Consider the following scenario: a learning agent has to control a robot arm to open a box and place a block inside. While defining the reward for this task is simple and straightforward (e.g. using a simple mechanism inside the box such as a force sensor to detect a placed block), the underlying learning problem is hard. The agent has to discover a long sequence of “correct” actions in order to find a configuration of the environment that yields the sparse reward – the block contained inside the box. Discovering this sparse reward signal is a hard exploration problem for which success via random exploration is highly unlikely.

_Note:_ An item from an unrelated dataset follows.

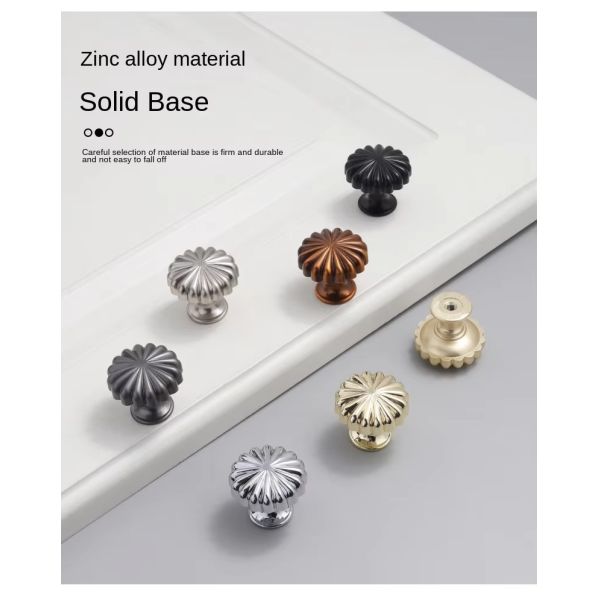 Single Hole Zinc Alloy Cabinet Knob Pumpkin Handle Small Single Grain Single Button Design for Dresser Wardrobe Use Direct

Over the last decades, a multitude of methods have been developed to help with the above mentioned exploration problem. These include for example: shaping rewards (Ng et al., 1999; Randløv & Alstrøm, 1998; Gu et al., 2017), curriculum learning (Heess et al., 2017; Ghosh et al., 2018; Forestier et al., 2017), transfer of learned policies from simulation to reality (see Duan et al. (2017); Sadeghi et al. (2017); Tobin et al. (2017); Rusu et al. (2017) for recent examples), learning from demonstrations (Ross et al., 2011; Vecerik et al., 2017; Kober & Peters, 2011; Sermanet et al., 2017; Nair et al., 2017), learning with model guidance, see e.g. Montgomery & Levine (2016), or inverse RL (Ng & Russell, 2000; Ziebart et al., 2008). All of these approaches rely on the availability of prior knowledge that is specific to a task. Moreover, they often bias the control policy in a certain – potentially suboptimal – direction. For example, using a shaped reward designed by the experimenter, inevitably, biases the solutions that the agent can find. In contrast to this, when a sparse task formulation is used, the agent can discover novel and potentially preferable solutions. We would thus, arguably, prefer to develop methods that support the agent during learning but preserve the ability of the agent to learn from sparse rewards. Ideally, our new methods should reduce the specific prior task knowledge that is required to cope with sparse rewards.

In this paper, we introduce a new method dubbed Scheduled Auxiliary Control (SAC-X), as a first step towards such an approach. It is based on four main principles:

  1. [noitemsep,nolistsep]

  2. Every state-action pair is paired with a vector of rewards, consisting of (typically sparse) externally provided rewards and (typically sparse) internal auxiliary rewards.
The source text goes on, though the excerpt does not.